Article 5 in the new legislation addressed the issue of social benefits, calling for a separate account within the NSSF purely for Palestinian employees, yet specifically stating: “Those included in the provisions of this law do not benefit from contributions to the sickness, maternity and family allowance funds.”

Kostanian said it was necessary to separate the Lebanese fund from the Palestinian one: “The first draft referred to familial aid, but this we felt was already being taken care of by UNRWA, and should therefore stay with UNRWA.”

Employed but illegal

While Palestinians are technically prevented from working in syndicated professions, many are in fact working in these jobs within Lebanese companies, but when doing so illegally, they have little in the way of job security, health benefits, paid sick leave, end of service benefits or paid holidays.

According to a study presented earlier this year by Sawsan Abdulrahim, assistant professor in the department of health promotion and community health at AUB, exclusionary policies have not been successful in barring Palestinians from participating in the Lebanese workforce, and that generally, Palestinians who are employed receive lower wage returns on their education and occupation in comparison to the Lebanese. Lebanese men with a secondary education receive on average a wage of 3,670 LL ($2.45) per hour, while Palestinian men with the same education receive an average of 3,030 LL ($2.02) per hour.

A 2006 study by FAFO, a Norwegian non-governmental organization, found that only 11 percent of Palestinian workers had written contracts, and the average hourly wage was 2,600 LL ($1.73). It found that 44 percent of Palestinians working in Lebanon made less than $2,400 a year, compared to 6 percent of Lebanese.

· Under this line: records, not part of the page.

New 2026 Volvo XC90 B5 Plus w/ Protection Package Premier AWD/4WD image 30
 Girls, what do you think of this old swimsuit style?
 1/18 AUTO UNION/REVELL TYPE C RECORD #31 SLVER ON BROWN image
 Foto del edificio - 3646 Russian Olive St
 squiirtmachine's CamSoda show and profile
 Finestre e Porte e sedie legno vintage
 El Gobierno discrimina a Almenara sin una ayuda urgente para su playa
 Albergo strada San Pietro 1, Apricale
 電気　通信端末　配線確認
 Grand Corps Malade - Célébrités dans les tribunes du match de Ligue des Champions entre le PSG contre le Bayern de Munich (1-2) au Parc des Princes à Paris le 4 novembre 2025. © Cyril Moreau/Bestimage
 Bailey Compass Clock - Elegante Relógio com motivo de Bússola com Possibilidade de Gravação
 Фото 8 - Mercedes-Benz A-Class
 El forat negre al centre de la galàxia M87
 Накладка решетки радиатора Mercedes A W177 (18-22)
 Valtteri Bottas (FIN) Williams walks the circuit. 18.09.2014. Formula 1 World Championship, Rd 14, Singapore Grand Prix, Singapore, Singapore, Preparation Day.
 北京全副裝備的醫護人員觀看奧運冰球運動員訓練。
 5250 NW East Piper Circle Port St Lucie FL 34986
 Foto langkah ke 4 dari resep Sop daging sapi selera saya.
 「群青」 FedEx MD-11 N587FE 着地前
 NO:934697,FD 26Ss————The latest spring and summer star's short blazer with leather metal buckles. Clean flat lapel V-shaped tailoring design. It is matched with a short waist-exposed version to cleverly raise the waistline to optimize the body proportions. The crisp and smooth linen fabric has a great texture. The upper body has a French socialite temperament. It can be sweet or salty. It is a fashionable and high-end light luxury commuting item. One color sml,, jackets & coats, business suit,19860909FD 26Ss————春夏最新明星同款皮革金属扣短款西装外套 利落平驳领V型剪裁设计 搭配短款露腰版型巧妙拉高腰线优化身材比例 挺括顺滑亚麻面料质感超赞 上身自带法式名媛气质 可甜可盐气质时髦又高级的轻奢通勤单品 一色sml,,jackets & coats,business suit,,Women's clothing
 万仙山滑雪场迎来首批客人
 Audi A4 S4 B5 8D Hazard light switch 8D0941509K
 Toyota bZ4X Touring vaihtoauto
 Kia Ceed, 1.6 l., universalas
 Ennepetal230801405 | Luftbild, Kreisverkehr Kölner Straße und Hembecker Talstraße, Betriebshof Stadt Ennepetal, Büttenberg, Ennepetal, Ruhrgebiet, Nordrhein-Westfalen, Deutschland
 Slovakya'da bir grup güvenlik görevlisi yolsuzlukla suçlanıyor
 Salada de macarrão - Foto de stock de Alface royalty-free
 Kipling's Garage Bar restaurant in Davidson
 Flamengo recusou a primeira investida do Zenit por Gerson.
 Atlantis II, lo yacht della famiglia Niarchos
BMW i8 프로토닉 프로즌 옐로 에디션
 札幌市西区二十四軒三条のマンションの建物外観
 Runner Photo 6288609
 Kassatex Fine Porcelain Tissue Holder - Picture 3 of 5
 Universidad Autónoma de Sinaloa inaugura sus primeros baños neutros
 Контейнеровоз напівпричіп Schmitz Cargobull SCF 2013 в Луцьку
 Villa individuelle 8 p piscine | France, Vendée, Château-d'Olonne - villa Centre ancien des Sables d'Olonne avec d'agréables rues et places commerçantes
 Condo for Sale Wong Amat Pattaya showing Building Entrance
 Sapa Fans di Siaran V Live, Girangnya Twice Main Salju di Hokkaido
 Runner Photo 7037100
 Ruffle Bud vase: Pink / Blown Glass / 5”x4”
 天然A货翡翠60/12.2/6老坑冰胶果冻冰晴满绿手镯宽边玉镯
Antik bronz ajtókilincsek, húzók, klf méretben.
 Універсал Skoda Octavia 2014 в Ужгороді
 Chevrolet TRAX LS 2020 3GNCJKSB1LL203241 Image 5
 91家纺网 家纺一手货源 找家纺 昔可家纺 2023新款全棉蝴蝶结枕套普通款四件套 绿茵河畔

Unemployment among Palestinian refugees, according to the International Labor Organization (ILO) data present in 2007, is around 10 percent.

This number can be misleading, however, as it counts only those who are actively looking for a job but are unable to find one.

Once “discouraged workers” are taken into account — meaning people who want a job but are not actively seeking out work because they do not think they would find any — the Palestinian refugee unemployment rate jumps to 25 percent.

Nearly twice as many women are unemployed as men and 43 percent of all the unemployed were under 25 years old.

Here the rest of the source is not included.